A parallel could be made with dominant mutations in dynamin 2 (DNM2) causing an intermediate form of HMSN and centronuclear myopathy. Overall, mutations causing one of the two phenotypes cluster in different domains of the protein but the distinction is not absolute (Claeys et al., 2009). Likewise, the majority of lamin A/C (LMNA) mutations causing one of the many laminopathies cluster together in certain domains of the protein; however, some mutations have been reported to cause distinct phenotypes in different patients (Rankin and Ellard, 2006). Given the substantial phenotypic variability of TRPV4-related disorders, additional modulating factors, both genetic and environmental, may be at play (Auer-Grumbach et al., 2010; Deng et al., 2010; Landoure et al., 2010).
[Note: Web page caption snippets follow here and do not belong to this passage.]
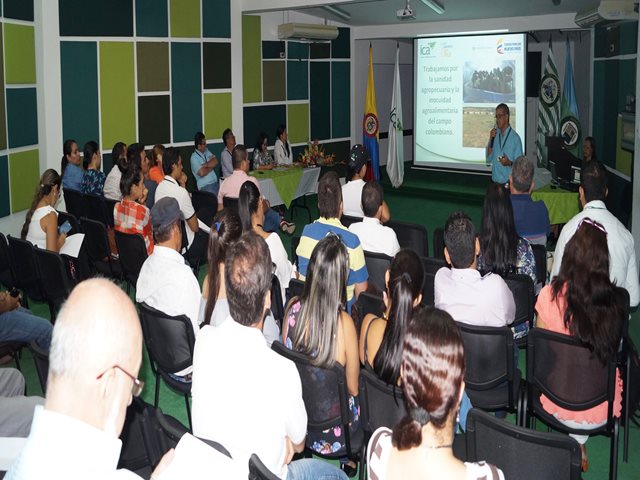 El ICA visitó 403 establecimientos de comercio de insumos agropecuarios en el Meta 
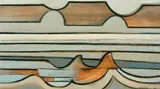 7/7 Estuary' oil on board by Roger Smith, 2001, oil on board, sold Mar 2022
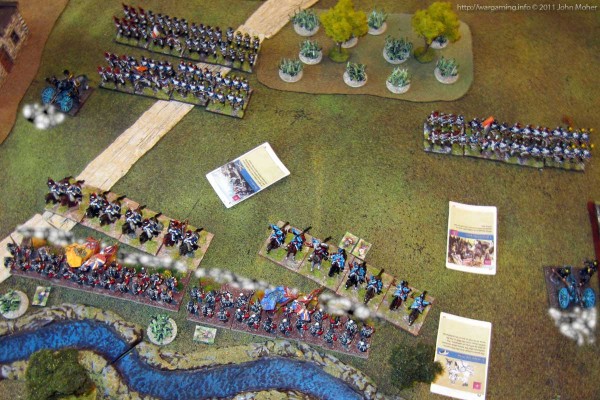 Gendarmerie de France, Regiment de le Roi, etc, Charge!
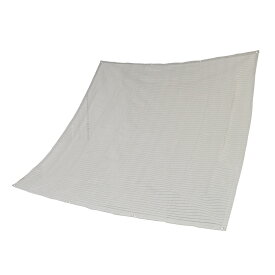 風通しの良いオーニング 200×200cm アイスグレー 園芸 農業 オーニング ビバホーム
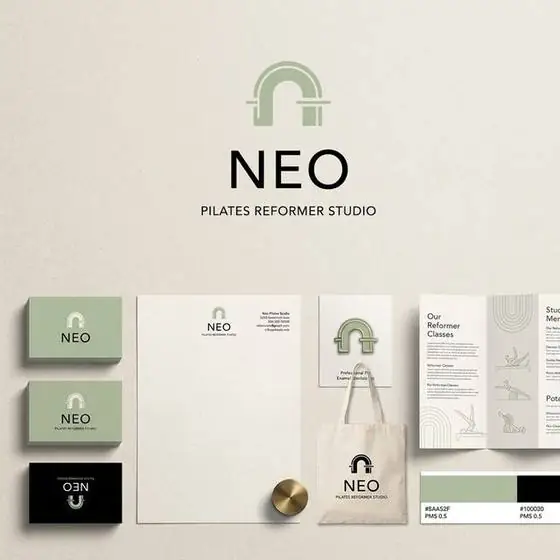 Branding NEO Pilates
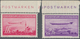 Liechtenstein: 1912/1936, Kleines Lot Mit MiNr. 1/3 X In 4er-Blocks (eine Marke Mit Erstfalz, Die An - Collections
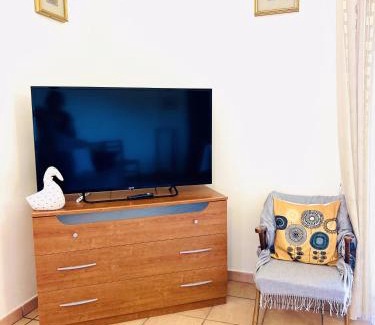 Fiuggi Apartment | Appartamento a Fiuggi con 2 camere, splendida vista sulle montagne e perfetto per 4 ospiti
In addition to the substantial phenotypic heterogeneity of TRPV4-associated neuropathy, genetic heterogeneity in pedigrees with similar phenotypes has also been reported (Landoure et al., 2010). In a second family with congenital distal SMA, linkage to the 12q23–q24 locus was excluded (van der Vleuten et al., 1998). A distal HMN type VII with vocal fold paresis was suggested to be allelic with HMSN2C, however the disease-causing locus was mapped to chromosome 2q14 (McEntagart et al., 2001).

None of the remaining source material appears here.